Amaç: Antenatal dönemde yenidoğanda ortaya çıkan fiziksel yaralanmalar “doğum travması” olarak belirtilmektedir. Klavikula kırıkları yenidoğanlarda kemiğe bağlı en sık görülen doğum travmasıdır. Çalışmamızda yenidoğan muayenesinde klavikula kırığı saptanan olguların değerlendirilmesi amaçlandı.

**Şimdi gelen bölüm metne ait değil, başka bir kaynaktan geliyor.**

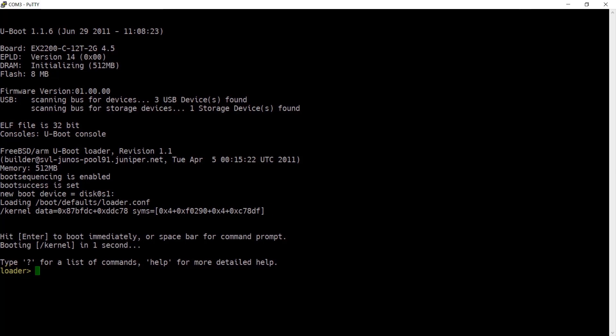As you can see I'm now at the loader and I need to type boot-s to tell the switch to start up in single user mode.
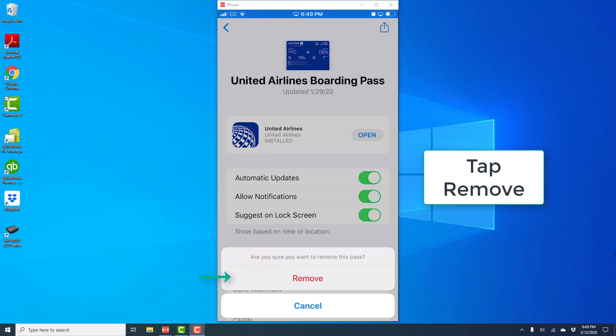Once you tap on remove, that particular pass will be removed from Apple Wallet. Thank you so much for watching.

Gereç ve Yöntemler: Hastanemizde 1 Ocak 2022 ile 1 Ağustos 2024 tarihleri arasında doğan bebeklerin dosyaları retrospektif olarak incelendi. Çalışmamızda belirtilen 2,5 yıllık zaman aralığında hastanemizde doğum sayısının 2756 olduğu (2022:1185,2023:1044,2024:527) tespit edildi. Bu doğumların içerisinde klavikula kırığı tespit edilen 31 yenidoğan hasta çalışmaya dahil edildi.
Bulgular: Toplam doğumların %42,6’sı normal spontan vajinal yol ile olurken %57,4’ünün sezaryen yöntemi ile olduğu tespit edildi. Çalışmamızda olguların kız/erkek oranı 13/18 idi. Olguların anne yaşı ortalaması 26,64 ± 4,61 gebelik haftası ortalaması 39,08 ± 1,04 idi. Doğum şekli değerlendirildiğinde normal vajinal doğum ile doğan 29 (%93,5), sezaryen ile doğan 2 (%6,5) olgu saptandı. Çalışmamızda doğum tartısı en az olan olgu 2770 gr iken en fazla doğum tartısına sahip olgu 4640 gr’dı. Olguların doğum ağırlığı ortalaması 3462,25 ± 453,11 gr saptandı. Klavikula kırığı saptanan olgularımızın %93,5’i (n:29) vajinal yol ile dünyaya gelirken, %6,5 ‘inin (n:2) ise sezaryen ile doğduğu saptandı.
Sonuç: Çalışmamızda tüm doğumların %1,1’inde klavikula kırığı saptandı. Ayrıntılı yenidoğan muayenesinde klavikula kırığı şüphesi olan hastalarda direk grafi ile tanı konmaktadır. Genellikle konservatif yaklaşım ile sekelsiz iyileşme olmaktadır. Doğum travmasının şiddetine bağlı gelişen sinir hasarı varlığında uzun dönem takip ve komplikasyonlar görülebilmektedir.
Introduction:
Physical injuries that occur in newborns during the antenatal period are referred to as “birth trauma”. Clavicle fractures are the most common bone-related birth trauma in newborns. Our study aimed to evaluate cases in which clavicle fractures were detected during newborn examinations.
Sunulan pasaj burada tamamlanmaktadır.